I want to opt out of the industrial agricultural system. I do not want to be a mouth that demands to be fed food produced like this. I do not want to be responsible for sustaining this way of life.
Some people have said to me lately, when we mention that we want to raise our own food- WHY?
It won't save you money.
But you love animals- now you want to kill them in your backyard?
Your neighbours will hate you.
It will be so much work.
Animals are dirty- what if you make the baby sick?
I think we've all been drinking from the water cooler a bit too much. Since when did it become a radical idea to produce your own food? It wasn't more than a hundred years ago that we were all doing it. Somewhere in recent history we were lured away from our self-sufficiency, dazzled by the brights lights of convenience and cheapness, and we never looked back, or questioned how this was all possible. And now we don't even remember how to grow a tomato.
I want my knowledge back. It's my rightful inheritance as a human being, and somebody stole it from me.
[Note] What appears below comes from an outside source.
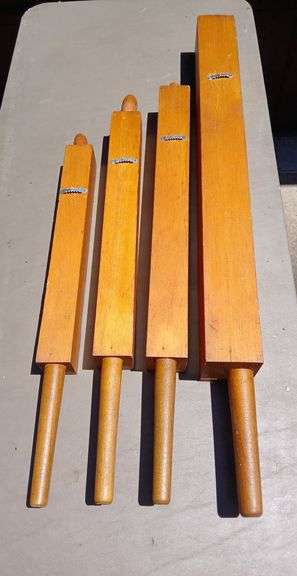 Antique Wooden Organ Pipes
It was my dad that gave me that second line- and I have to admit it puzzled me for a second because he was rightly confused. I was always a bunny hugger as a kid- I cried when my dog ate a moth I had "nursed back to health" in a margarine tub. I wrote a letter to Disney World after we vacationed there and went to a laser light show; I was so upset that they used fireworks that I was sure must have scared the animals. I ran an animal rights group in high school and hosted vegetarian food fairs in the cafeteria, handing out grotesque pictures of bald, beakless chickens to kids eating their lunches. Such is the passion of youth. It is magnetized to the extreme; it's all black and white. When I was a child, loving and respecting animals meant presenting my parents with a report outlining why I would like to be a vegetarian and how I planned to still eat healthy (a requirement by my wise mother). Now that I am older, my values haven't changed, but my perspective has. I've started to think that, maybe if I can't raise it and kill it myself, I shouldn't eat it. But if I can, then it might be the most wonderful way to insert myself back into the fabric and rhythm of life- to reclaim my connection to the earth and empower my family to live without fear of e-coli recalls and ammonia-soaked beef filler. I haven't done it yet, but I have a feeling that holding a day-old chick in my hands, raising it with care and dignity, thanking it for giving it's life to sustain us, and then harvesting it with my own hands will be a spiritual experience unlike anything I've ever experienced in church.
Sorry if that was too heavy for a Monday morning. I'm feeling righteous today. Lighthearted crafty stuff tomorrow, I promise!